The deal is rated A3 by Moody’s and A-minus by S&P.

Citigroup priced and repriced the Katy Independent School District, Texas’ $186.23 million of Series 2018 unlimited tax school building bonds.

The deal is backed by the Permanent School Fund guarantee program, and is rated triple-A by Moody’s and S&P.

Tuesday’s bond sales
California:
Click here for the Regents’ $962M repricing

Click here for the Regents’ $962M pricing

Click here for the Regents’ $945M deal

West Virginia:
Click here for the final pricing

Click here for the state repricing

Click here for the state sale

Arizona:
Click here for the Phoenix CIC repricing

Click here for the Phoenix CIC deal

Pennsylvania:
Click here for the Northampton repricing

Click here for the Northampton County deal

Texas:
Click here for the Katy ISD deal

Bond Buyer 30-day visible supply at $7.52B
The Bond Buyer's 30-day visible supply calendar decreased $2.43 billion to $7.52 billion on Wednesday. The total is comprised of $3.91 billion of competitive sales and $3.61 billion of negotiated deals.

Secondary market
Municipal bonds were little changed on Tuesday, according to a late read of the MBIS benchmark scale.

Benchmark muni yields rose less than a basis point in the one - to nine-year and 11-30-year maturities and were unchanged in the 10-year maturity.

High-grade munis were also weaker, with yields calculated on MBIS’ AAA scale rising less than a basis point in the one- to 30-year maturities.

According to Municipal Market Data’s AAA benchmark scale, municipals were unchanged on Tuesday with yields steady in the 10-year general obligation muni and flat in the 30-year muni maturity.

Treasury bonds were little changed as stocks were trading mixed.

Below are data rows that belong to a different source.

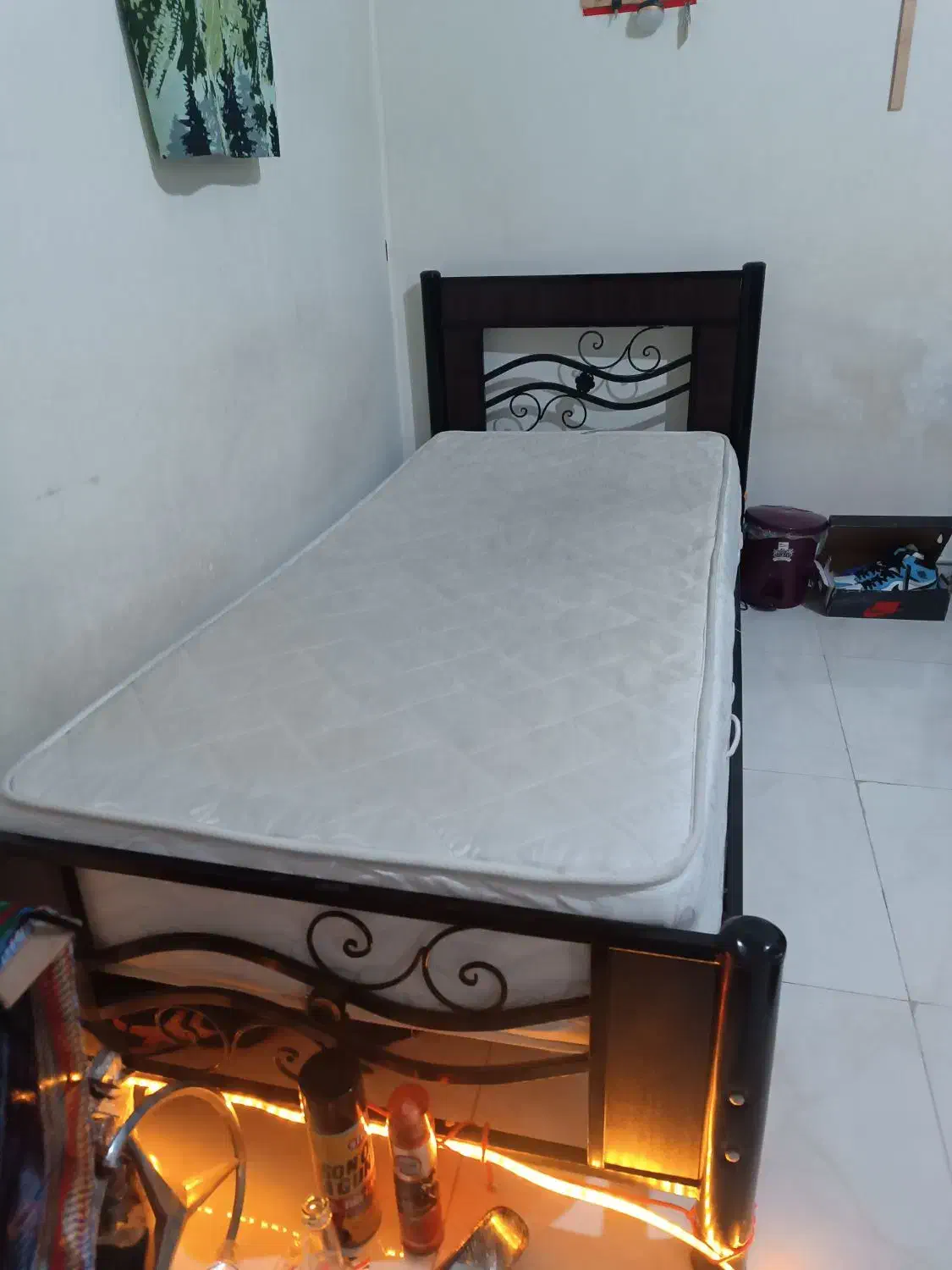 تخت یک نفره فلزی وام دی اف|تخت و سرویس خواب|دماوند, دماوند|دیوار
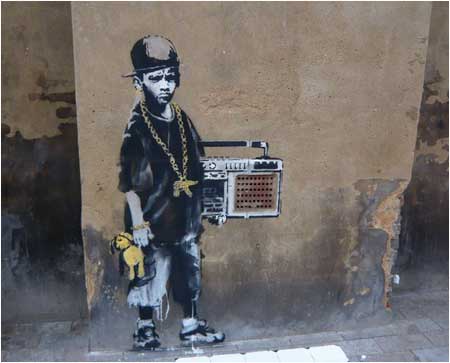 image artiste picture art artist street art Banksy graffiti rue mur illustration illustrateur création oeuvre oeuvre d'art art urbain célébrité homme man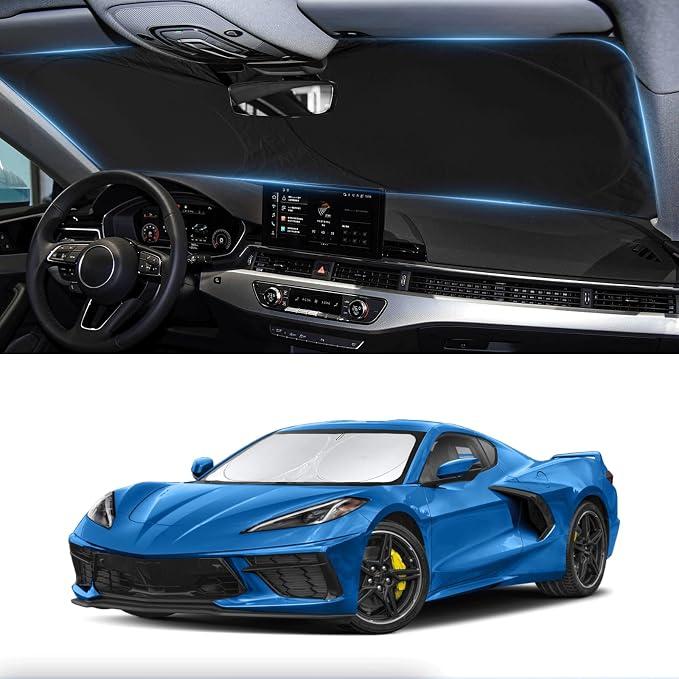 Sunshade for Chevy Corvette Windshield Sun Shade for Chevrolet Corvette C8 2020-2024 2025 2026 Grand Sport Corvettes Accessories Foldable Sun Visor Protector Front Window Shield Cover Block UV Rays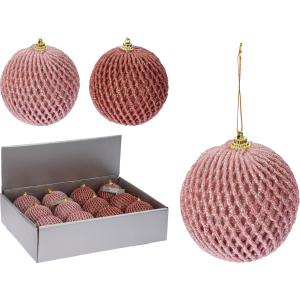 Набір ялинкових куль Christmas Decoration 8 см 12 шт рожевий (CAA126440) краща модель в Миколаєві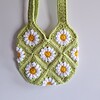 Gehaakte tas 'Green daisy'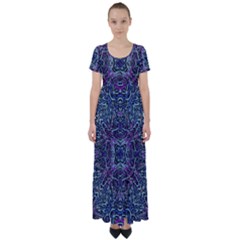 Pattern Fire Purple Repeating High Waist Short Sleeve Maxi Dress by Wegoenart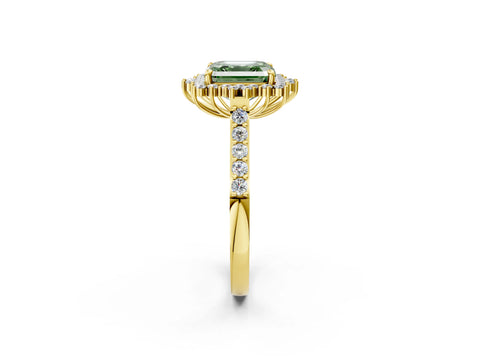 Yellow gold Fancy Green Asscher Cut Cut Diamond Sunburst Halo Engagement Ring with Pavé Band_2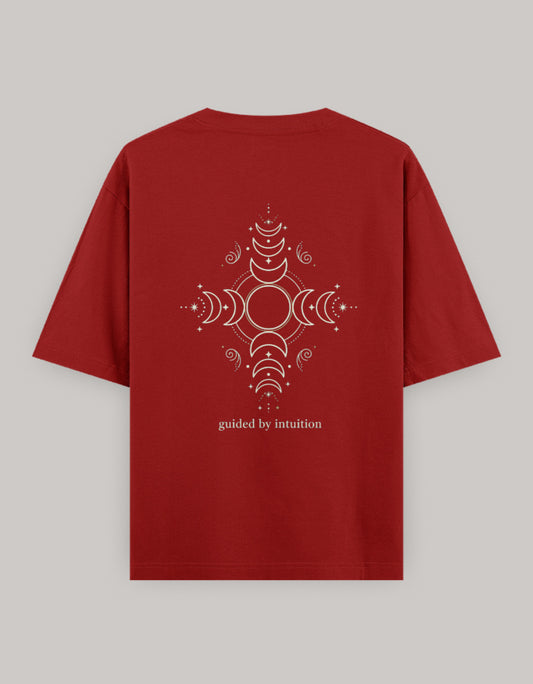 Cosmic Intuition Oversized Women’s T-Shirt t-shirt oversized fit cotton fabric heavyweight fabric printed design detail view by HAViT Apparel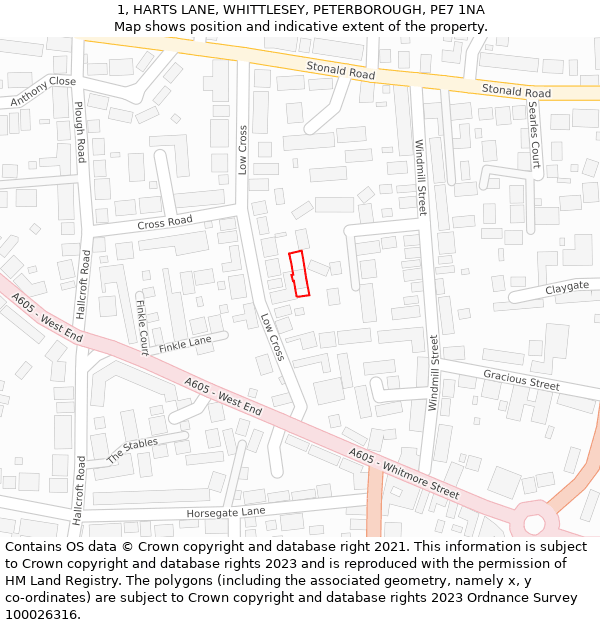 1, HARTS LANE, WHITTLESEY, PETERBOROUGH, PE7 1NA: Location map and indicative extent of plot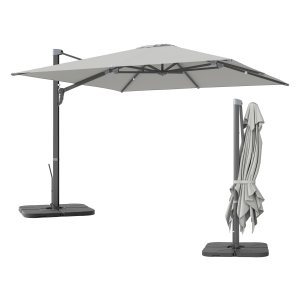 Parasol - Aluminium Ampel - Draaibaar - Waterafstotend - Lichtgrijs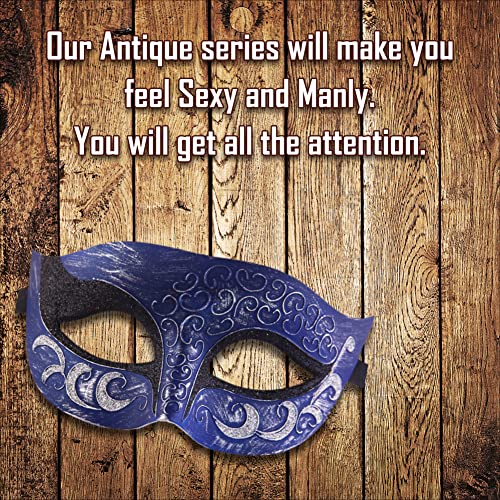 Masquerade Mask For Men & Women Antique Look Mask For Venetian Party, Masquerade Party, Halloween & Masquerade Ball (Blue/Silver) #TOP6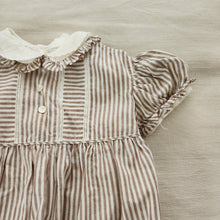 Load image into Gallery viewer, Vintage 50s/60s Brown Striped Dress 6-12 months
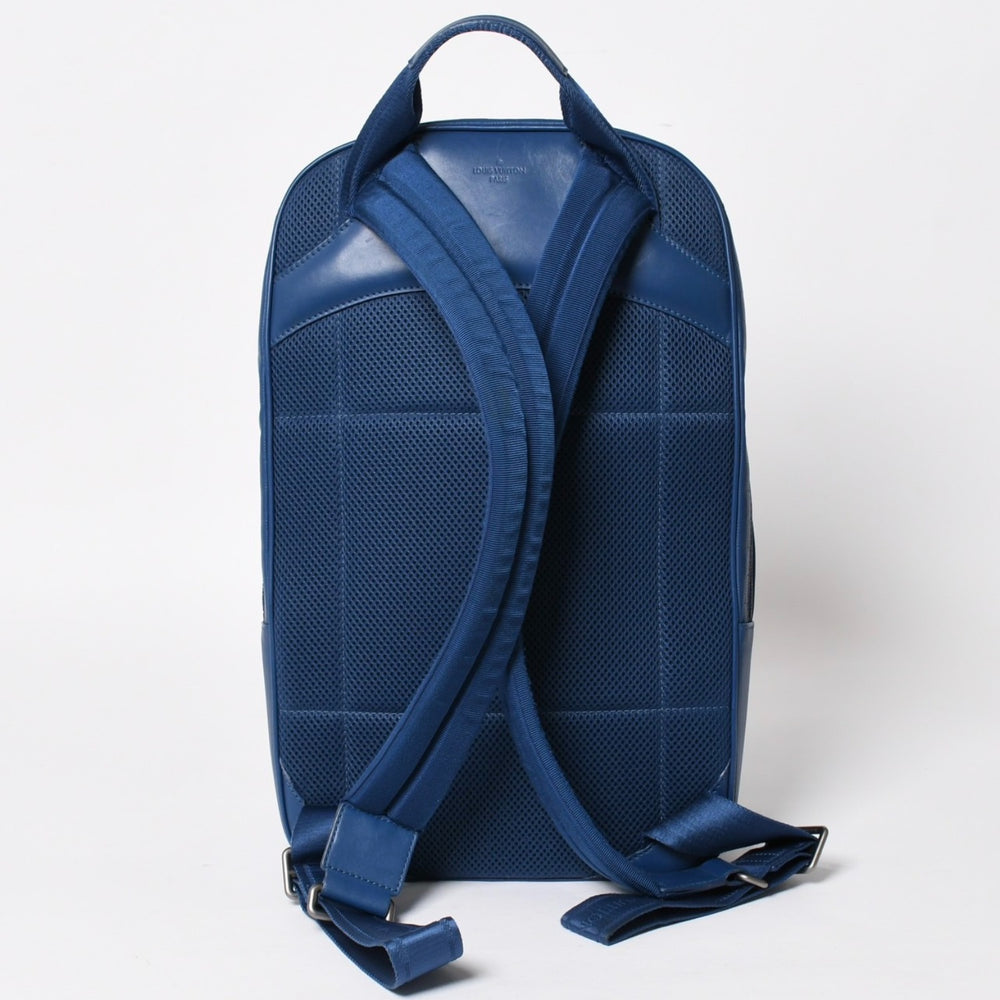 LOUIS VUITTON Michael Backpack N41353 Damier Infini Neptunia Blue Embossed Leather Rucksack BA0134 Metal fittings Good used 4a005096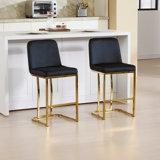Modern Upholstered Counter Height Bar Stool With Metal Frame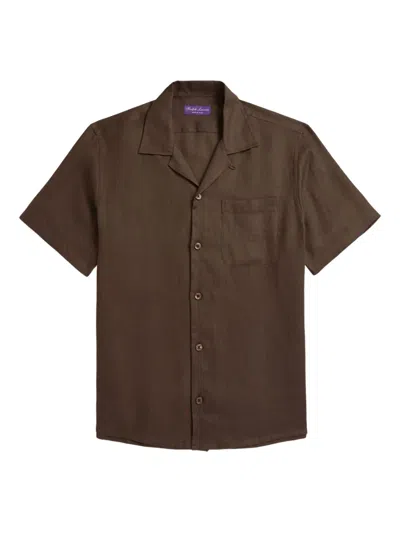 Ralph Lauren Short-sleeve Linen Shirt In Brown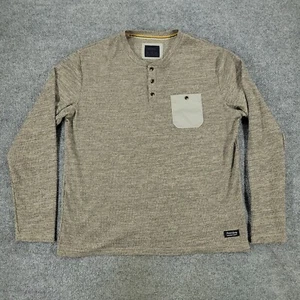 Suéter Nomad Para Hombre Marrón Grande Henley Tejido Bolsillo Parche Manga Larga Pullover - Imagen 1 de 16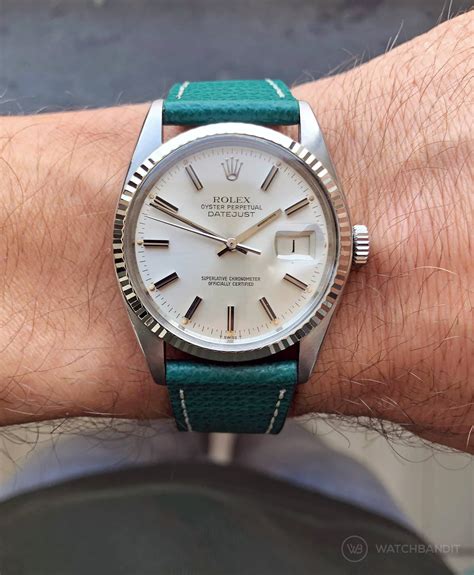 rolex datejust blue leather strap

On Tuesday, the 10-year muni-to-Treasury ratio was calculated at 83.2% while the 30-year muni-to-Treasury ratio stood at 95.7%, according to MMD. The muni-to-Treasury ratio compares the yield of tax-exempt municipal bonds with the yield of taxable U.S. Treasuries with comparable maturities. If the muni/Treasury ratio is above 100%, munis are yielding more than Treasuries; if it is below 100%, munis are yielding less.

Previous session's activity
The Municipal Securities Rulemaking Board reported 35,852 trades on Monday on volume of $6.27 billion.

California, Texas and New York were the states with the most trades, with the Golden State taking 16.079% of the market, the Lone Star State taking 9.846% and the Empire State taking 9.643%.

Treasury sells $45B 4-week bills
The Treasury Department Tuesday auctioned $45 billion of four-week bills at a 1.720% high yield, a price of 99.866222.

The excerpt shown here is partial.